Generally in the evaluation process, each Board member presents an individually written evaluation of the president to either the Board Chair or Vice Chair, who synthesizes the letters, presents them to the board and then discusses them with the president.

However, in response to an April 2005 faculty petition requesting that an on-campus survey be included in the Board’s annual evaluation of the president, the Board of Trustees brought former President of the American Council on Education Robert H. Atwell to campus in April to assist in the 2006 evaluation. Each interview of faculty and trustee members was confidential and lasted approximately 30 minutes.

“The petition was motivated by dissatisfaction with Dye’s performance and by [the] traditional exclusion of faculty views from the Board’s annual evaluation,” explained Professor of English John Hobbs, one circulator of the petition.
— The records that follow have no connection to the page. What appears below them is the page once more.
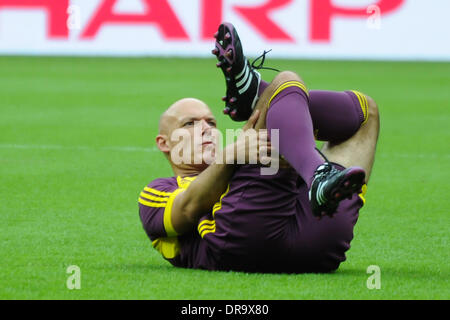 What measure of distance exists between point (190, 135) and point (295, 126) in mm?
679

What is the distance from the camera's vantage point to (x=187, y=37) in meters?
18.2

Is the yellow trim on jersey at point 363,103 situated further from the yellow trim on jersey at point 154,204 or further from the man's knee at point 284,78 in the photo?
the yellow trim on jersey at point 154,204

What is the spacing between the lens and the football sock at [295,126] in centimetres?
367

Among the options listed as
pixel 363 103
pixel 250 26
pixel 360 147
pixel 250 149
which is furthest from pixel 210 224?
pixel 250 26

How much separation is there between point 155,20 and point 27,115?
23.3 feet

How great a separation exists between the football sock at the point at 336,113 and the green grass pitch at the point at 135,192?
2.00 ft

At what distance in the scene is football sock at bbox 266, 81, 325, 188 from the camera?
3.67 meters

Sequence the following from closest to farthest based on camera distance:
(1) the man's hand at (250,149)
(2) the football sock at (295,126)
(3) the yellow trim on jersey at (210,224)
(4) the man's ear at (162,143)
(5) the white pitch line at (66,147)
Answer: (2) the football sock at (295,126), (1) the man's hand at (250,149), (3) the yellow trim on jersey at (210,224), (4) the man's ear at (162,143), (5) the white pitch line at (66,147)

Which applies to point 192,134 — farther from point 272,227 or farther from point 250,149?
point 272,227

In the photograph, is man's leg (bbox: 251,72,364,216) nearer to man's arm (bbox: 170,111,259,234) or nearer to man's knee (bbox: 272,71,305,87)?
man's knee (bbox: 272,71,305,87)

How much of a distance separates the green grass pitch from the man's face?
19.6 inches

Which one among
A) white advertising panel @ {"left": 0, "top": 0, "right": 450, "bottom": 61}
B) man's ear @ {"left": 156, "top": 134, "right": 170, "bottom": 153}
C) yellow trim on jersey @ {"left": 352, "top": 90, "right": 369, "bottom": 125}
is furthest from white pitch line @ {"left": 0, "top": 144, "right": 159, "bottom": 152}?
white advertising panel @ {"left": 0, "top": 0, "right": 450, "bottom": 61}

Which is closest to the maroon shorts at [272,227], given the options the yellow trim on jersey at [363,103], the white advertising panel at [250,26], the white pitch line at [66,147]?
the yellow trim on jersey at [363,103] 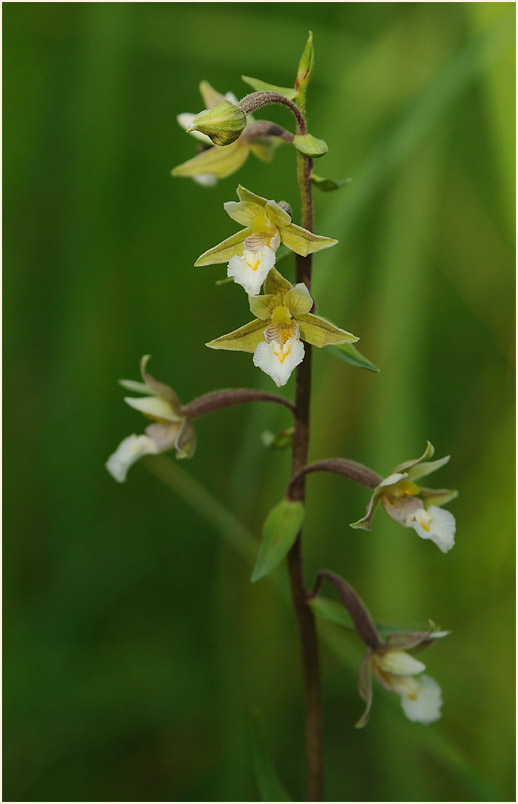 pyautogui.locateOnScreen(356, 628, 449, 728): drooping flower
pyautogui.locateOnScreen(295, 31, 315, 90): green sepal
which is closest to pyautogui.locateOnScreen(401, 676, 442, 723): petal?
pyautogui.locateOnScreen(356, 628, 449, 728): drooping flower

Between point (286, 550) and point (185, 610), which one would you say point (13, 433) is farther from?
point (286, 550)

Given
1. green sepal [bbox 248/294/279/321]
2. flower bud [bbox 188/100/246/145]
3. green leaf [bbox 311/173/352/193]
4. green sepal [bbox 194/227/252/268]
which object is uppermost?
flower bud [bbox 188/100/246/145]

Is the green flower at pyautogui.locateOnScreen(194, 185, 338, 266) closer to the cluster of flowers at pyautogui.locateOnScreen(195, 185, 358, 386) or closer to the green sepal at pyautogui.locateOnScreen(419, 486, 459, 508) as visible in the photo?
the cluster of flowers at pyautogui.locateOnScreen(195, 185, 358, 386)

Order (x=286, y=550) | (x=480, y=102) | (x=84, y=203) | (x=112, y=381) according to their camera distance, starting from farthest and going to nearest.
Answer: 1. (x=480, y=102)
2. (x=112, y=381)
3. (x=84, y=203)
4. (x=286, y=550)

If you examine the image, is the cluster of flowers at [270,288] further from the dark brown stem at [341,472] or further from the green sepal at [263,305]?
the dark brown stem at [341,472]

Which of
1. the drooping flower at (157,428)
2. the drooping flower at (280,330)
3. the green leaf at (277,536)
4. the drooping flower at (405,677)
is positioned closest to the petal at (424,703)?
the drooping flower at (405,677)

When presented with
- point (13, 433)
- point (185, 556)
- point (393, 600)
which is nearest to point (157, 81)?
point (13, 433) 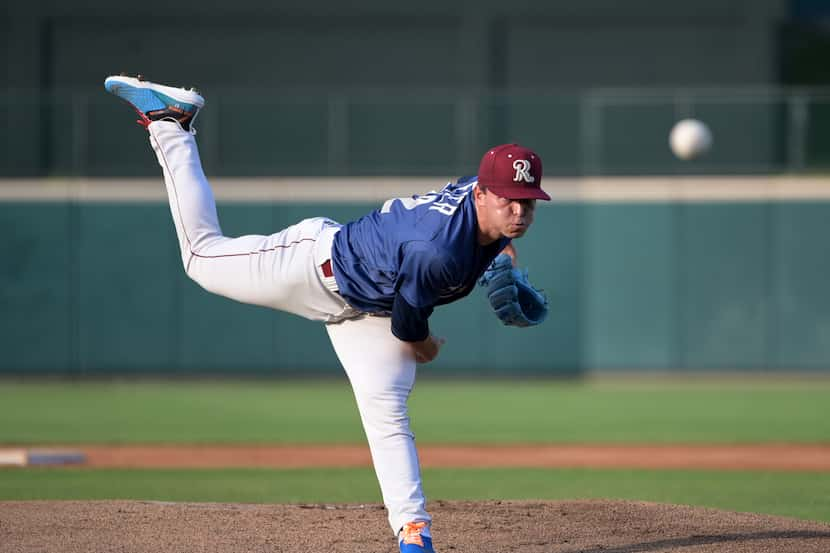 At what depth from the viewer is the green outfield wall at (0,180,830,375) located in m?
16.5

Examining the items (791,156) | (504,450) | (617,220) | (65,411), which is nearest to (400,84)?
(617,220)

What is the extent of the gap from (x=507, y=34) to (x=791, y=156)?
17.5 ft

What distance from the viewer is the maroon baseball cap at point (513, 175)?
459cm

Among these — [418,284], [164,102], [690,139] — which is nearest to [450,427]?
[690,139]

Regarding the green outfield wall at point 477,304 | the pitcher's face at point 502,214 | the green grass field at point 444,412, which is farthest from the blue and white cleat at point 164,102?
the green outfield wall at point 477,304

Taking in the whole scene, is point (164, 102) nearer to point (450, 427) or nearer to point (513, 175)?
point (513, 175)

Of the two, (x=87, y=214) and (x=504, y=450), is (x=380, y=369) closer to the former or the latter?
(x=504, y=450)

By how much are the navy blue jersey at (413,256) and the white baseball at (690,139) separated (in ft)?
38.6

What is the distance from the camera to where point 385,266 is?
4.78 meters

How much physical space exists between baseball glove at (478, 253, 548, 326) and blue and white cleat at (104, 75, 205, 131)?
4.51ft

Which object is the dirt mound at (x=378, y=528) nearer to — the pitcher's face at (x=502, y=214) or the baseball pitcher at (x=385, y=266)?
the baseball pitcher at (x=385, y=266)

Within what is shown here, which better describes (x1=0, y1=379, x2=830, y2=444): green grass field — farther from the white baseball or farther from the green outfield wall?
the white baseball

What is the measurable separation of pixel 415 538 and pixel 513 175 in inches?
53.6

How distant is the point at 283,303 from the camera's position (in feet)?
16.9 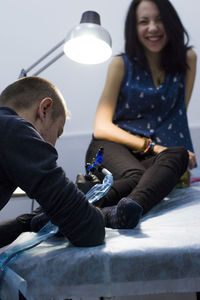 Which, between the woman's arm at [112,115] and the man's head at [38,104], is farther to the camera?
the woman's arm at [112,115]

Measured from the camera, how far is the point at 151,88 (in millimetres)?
1438

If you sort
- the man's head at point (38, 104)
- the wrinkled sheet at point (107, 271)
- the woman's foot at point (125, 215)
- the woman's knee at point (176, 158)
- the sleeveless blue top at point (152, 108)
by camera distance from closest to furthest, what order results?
1. the wrinkled sheet at point (107, 271)
2. the woman's foot at point (125, 215)
3. the man's head at point (38, 104)
4. the woman's knee at point (176, 158)
5. the sleeveless blue top at point (152, 108)

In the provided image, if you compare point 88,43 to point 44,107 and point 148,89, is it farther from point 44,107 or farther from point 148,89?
point 44,107

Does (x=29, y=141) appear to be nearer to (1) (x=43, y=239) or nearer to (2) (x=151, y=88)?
(1) (x=43, y=239)

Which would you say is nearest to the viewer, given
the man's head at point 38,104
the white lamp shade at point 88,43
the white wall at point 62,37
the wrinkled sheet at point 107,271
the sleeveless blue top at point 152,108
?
the wrinkled sheet at point 107,271

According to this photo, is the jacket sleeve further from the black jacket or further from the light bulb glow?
the light bulb glow

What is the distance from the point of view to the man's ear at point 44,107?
0.75 m

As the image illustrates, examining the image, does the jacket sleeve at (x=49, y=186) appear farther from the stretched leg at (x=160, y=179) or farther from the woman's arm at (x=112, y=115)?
the woman's arm at (x=112, y=115)

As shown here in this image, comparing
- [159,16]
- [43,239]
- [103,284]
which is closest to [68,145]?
[159,16]

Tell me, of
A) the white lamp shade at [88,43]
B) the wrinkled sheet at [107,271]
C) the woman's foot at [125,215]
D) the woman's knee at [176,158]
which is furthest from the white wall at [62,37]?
the wrinkled sheet at [107,271]

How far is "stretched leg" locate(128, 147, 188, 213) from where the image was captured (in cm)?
82

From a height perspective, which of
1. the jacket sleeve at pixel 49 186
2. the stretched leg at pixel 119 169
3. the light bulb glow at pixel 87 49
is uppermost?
the light bulb glow at pixel 87 49

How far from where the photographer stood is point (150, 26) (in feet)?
4.70

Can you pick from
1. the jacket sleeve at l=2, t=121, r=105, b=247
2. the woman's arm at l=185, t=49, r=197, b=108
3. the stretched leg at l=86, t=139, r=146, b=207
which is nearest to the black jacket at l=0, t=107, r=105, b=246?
the jacket sleeve at l=2, t=121, r=105, b=247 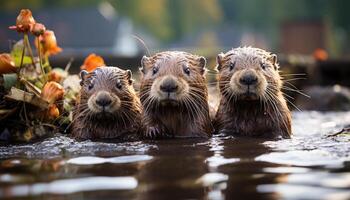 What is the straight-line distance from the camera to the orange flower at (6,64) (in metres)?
6.91

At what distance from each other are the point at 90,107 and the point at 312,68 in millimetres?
13135

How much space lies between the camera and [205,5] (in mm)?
73375

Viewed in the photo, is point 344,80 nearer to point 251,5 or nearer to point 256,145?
point 256,145

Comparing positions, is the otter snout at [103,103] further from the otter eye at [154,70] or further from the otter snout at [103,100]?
the otter eye at [154,70]

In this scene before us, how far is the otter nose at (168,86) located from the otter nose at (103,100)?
52cm

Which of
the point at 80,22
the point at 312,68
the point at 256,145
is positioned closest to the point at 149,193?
the point at 256,145

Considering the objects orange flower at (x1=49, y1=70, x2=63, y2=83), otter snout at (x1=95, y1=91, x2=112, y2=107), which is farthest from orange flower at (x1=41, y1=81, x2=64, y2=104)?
orange flower at (x1=49, y1=70, x2=63, y2=83)

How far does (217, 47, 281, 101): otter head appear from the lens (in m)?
6.50

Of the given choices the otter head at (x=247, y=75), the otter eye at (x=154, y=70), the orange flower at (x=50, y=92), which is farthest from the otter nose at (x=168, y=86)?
the orange flower at (x=50, y=92)

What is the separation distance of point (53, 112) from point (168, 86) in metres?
1.42

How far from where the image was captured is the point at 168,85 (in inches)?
249

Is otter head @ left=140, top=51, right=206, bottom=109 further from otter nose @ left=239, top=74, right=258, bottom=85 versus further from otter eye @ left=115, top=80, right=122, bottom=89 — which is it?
otter nose @ left=239, top=74, right=258, bottom=85

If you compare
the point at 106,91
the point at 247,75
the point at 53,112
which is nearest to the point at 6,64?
the point at 53,112

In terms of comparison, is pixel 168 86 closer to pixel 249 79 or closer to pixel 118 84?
pixel 118 84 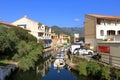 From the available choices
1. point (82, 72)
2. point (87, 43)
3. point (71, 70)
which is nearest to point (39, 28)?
point (87, 43)

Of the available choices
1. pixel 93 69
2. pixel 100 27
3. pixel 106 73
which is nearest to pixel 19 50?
pixel 93 69

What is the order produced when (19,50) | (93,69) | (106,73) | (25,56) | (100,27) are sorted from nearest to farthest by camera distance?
(106,73) → (93,69) → (25,56) → (19,50) → (100,27)

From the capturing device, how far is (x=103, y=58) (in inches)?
1623

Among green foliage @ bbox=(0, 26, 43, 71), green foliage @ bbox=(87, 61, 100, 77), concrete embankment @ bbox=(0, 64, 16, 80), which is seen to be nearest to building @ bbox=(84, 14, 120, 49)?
green foliage @ bbox=(0, 26, 43, 71)

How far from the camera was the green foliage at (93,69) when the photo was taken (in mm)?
36662

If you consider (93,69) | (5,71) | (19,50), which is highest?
(19,50)

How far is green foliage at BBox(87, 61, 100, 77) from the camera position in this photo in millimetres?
36662

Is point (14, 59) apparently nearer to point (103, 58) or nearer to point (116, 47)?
point (103, 58)

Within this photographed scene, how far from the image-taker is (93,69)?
37656mm

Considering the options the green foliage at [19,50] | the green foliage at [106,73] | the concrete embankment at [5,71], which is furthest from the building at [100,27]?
the green foliage at [106,73]

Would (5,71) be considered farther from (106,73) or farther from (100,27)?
(100,27)

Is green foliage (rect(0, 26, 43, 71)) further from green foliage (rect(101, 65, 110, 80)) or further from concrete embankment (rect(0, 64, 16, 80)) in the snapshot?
green foliage (rect(101, 65, 110, 80))

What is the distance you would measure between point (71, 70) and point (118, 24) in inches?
1231

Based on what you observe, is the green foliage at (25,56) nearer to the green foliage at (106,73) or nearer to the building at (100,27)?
the green foliage at (106,73) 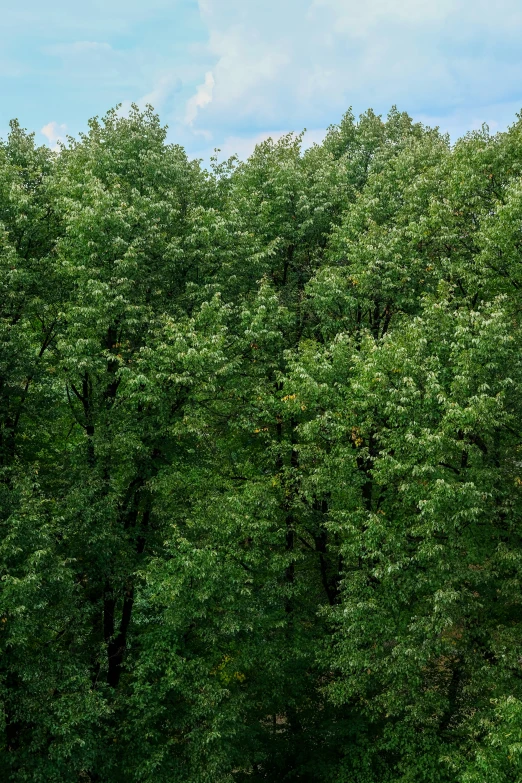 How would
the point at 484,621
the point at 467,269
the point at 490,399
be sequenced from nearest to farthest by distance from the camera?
the point at 490,399 < the point at 484,621 < the point at 467,269

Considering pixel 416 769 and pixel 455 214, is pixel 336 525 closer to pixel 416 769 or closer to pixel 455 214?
pixel 416 769

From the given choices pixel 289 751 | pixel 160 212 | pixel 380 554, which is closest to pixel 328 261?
pixel 160 212

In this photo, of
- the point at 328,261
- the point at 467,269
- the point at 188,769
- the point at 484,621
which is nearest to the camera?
the point at 188,769

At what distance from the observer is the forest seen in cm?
1800

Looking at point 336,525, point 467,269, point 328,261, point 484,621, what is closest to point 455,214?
point 467,269

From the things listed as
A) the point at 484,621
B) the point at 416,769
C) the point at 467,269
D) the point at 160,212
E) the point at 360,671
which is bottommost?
the point at 416,769

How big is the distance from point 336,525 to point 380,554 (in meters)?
2.15

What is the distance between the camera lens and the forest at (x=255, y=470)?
59.1 ft

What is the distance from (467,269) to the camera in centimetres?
2294

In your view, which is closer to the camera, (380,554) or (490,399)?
(490,399)

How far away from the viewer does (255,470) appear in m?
24.1

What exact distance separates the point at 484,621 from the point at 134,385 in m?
13.1

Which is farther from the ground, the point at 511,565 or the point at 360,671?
the point at 511,565

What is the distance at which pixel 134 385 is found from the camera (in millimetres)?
21125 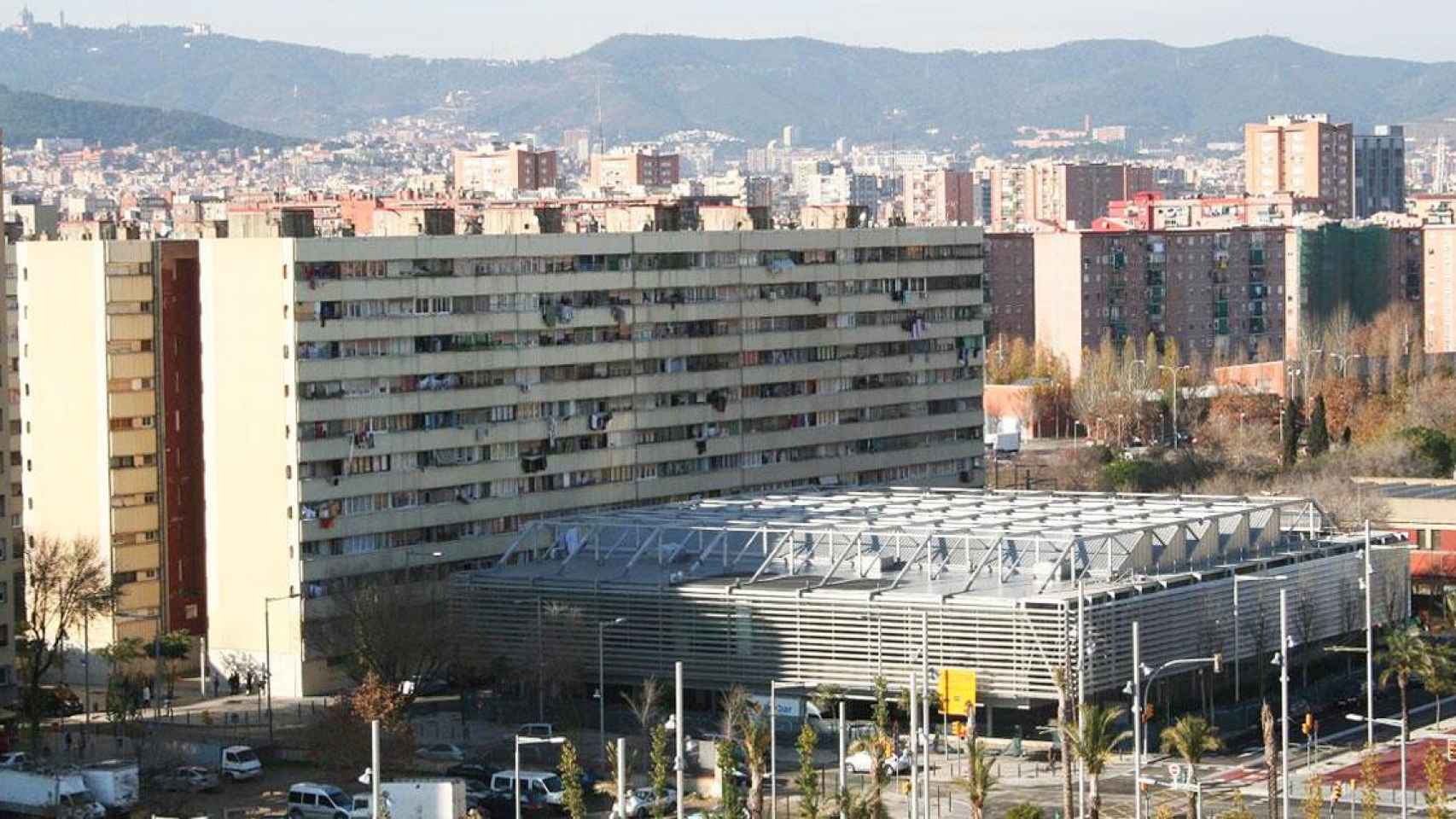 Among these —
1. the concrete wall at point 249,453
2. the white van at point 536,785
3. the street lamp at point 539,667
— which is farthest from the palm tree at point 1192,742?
the concrete wall at point 249,453

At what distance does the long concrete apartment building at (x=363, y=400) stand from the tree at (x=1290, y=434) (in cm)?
2612

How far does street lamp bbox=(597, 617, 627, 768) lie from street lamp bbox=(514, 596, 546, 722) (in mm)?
1004

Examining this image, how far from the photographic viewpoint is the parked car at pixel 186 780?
167 feet

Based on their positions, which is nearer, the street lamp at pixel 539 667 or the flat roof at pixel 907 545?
the flat roof at pixel 907 545

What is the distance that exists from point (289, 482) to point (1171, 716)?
18125mm

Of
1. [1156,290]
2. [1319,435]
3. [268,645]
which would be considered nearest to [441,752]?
[268,645]

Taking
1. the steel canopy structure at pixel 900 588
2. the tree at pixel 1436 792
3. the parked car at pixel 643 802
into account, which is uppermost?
the steel canopy structure at pixel 900 588

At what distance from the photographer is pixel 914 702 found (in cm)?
4325

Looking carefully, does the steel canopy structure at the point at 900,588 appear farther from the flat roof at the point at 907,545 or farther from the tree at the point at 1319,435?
the tree at the point at 1319,435

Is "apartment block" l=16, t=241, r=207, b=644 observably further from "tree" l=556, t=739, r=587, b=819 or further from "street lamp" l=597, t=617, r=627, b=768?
"tree" l=556, t=739, r=587, b=819

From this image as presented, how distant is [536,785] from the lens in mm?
48719

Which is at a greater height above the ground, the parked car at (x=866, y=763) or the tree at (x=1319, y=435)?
the tree at (x=1319, y=435)

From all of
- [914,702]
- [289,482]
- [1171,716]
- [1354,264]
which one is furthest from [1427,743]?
[1354,264]

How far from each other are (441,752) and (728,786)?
12.9 m
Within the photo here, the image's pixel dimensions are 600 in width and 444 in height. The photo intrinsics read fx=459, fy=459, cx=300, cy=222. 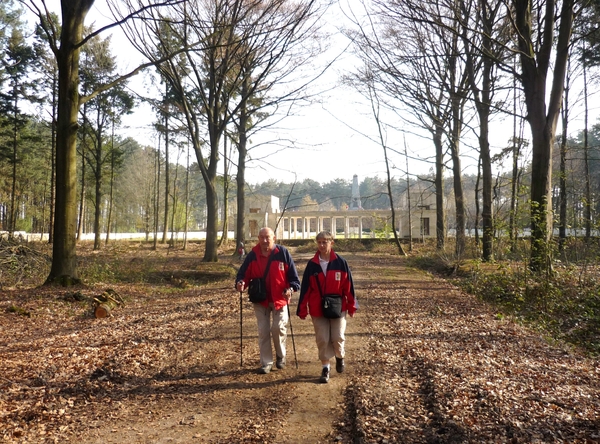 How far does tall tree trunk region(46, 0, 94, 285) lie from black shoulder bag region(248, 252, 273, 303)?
6659mm

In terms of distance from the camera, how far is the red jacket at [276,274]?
5.06 meters

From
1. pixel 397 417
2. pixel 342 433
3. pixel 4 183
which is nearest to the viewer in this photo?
pixel 342 433

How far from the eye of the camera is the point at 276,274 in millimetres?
5094

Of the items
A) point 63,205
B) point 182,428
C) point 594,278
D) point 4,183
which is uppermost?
point 4,183

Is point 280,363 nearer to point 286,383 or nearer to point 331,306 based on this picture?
point 286,383

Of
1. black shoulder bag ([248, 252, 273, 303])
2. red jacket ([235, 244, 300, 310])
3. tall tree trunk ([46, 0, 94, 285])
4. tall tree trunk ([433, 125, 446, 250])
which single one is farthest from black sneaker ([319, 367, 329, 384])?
tall tree trunk ([433, 125, 446, 250])

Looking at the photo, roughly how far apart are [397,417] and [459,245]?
1215 cm

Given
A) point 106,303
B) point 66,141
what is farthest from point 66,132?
point 106,303

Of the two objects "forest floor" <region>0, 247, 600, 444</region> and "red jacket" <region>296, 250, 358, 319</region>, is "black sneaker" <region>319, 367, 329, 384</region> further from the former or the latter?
"red jacket" <region>296, 250, 358, 319</region>

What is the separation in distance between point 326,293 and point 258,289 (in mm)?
766

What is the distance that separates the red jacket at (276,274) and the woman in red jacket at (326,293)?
22cm

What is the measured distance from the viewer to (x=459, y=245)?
49.6 ft

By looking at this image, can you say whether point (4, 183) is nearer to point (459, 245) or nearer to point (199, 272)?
point (199, 272)

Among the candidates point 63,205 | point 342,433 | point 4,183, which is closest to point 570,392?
point 342,433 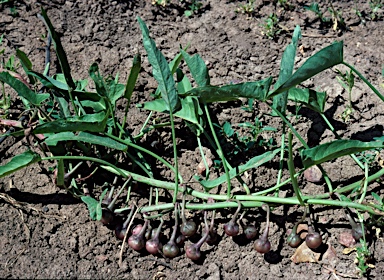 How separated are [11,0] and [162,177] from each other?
3.78 feet

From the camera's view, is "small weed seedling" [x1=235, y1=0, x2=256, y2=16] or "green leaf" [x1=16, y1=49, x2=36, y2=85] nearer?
"green leaf" [x1=16, y1=49, x2=36, y2=85]

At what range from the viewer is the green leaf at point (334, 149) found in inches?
62.8

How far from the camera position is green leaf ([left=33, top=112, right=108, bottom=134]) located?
1.61m

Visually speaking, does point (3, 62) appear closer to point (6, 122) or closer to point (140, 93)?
point (6, 122)

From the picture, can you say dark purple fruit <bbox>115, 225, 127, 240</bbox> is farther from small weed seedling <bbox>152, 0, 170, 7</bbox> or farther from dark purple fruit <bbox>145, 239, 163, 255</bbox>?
small weed seedling <bbox>152, 0, 170, 7</bbox>

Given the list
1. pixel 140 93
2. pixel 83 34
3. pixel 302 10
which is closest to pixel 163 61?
pixel 140 93

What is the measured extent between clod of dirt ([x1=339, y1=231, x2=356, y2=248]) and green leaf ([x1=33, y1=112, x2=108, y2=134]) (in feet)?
3.13

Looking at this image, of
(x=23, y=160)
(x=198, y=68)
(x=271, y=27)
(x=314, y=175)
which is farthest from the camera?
(x=271, y=27)

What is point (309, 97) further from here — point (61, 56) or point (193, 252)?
point (61, 56)

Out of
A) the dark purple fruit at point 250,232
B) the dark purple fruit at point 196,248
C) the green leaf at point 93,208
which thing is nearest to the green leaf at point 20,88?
the green leaf at point 93,208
Professor of Politics Chris Howell attributed Atwell’s visit to similar faculty frustration:

“For the past three years, there has been mounting faculty discontent over Dye’s leadership. [Examples are] her termination of the London program, strategic planning procedures [and] faculty position cuts,” said Howell. “[This] widespread discontent might have meant nothing more than grumbling, but when the board suggested that it cared enough about faculty opinion to hire a distinguished consultant whose opinion would be taken seriously, it created expectations.”

On May 1, Atwell presented his findings orally to Robert Lemle, chairman of the Board, and again on May 8 to a five-member ad hoc Trustee Committee on Presidential Evaluation, of which Lemle was a member.

“It was the committee’s responsibility to provide the Board with an evaluation report on the President’s performance that clearly and fairly reflected the views of trustees and the information that we obtained from Mr. Atwell,” explained Lemle in an interview conducted via e-mail.

By early June, however, faculty rumor had it that the ad hoc committee had, as Howell put it, “buried the Atwell report,” reputed to be uniformly scathing about Dye.

Eleven faculty members quickly collaborated on a letter addressed to Lemle and the Board of Trustees in an effort to convince them to address the Atwell report directly.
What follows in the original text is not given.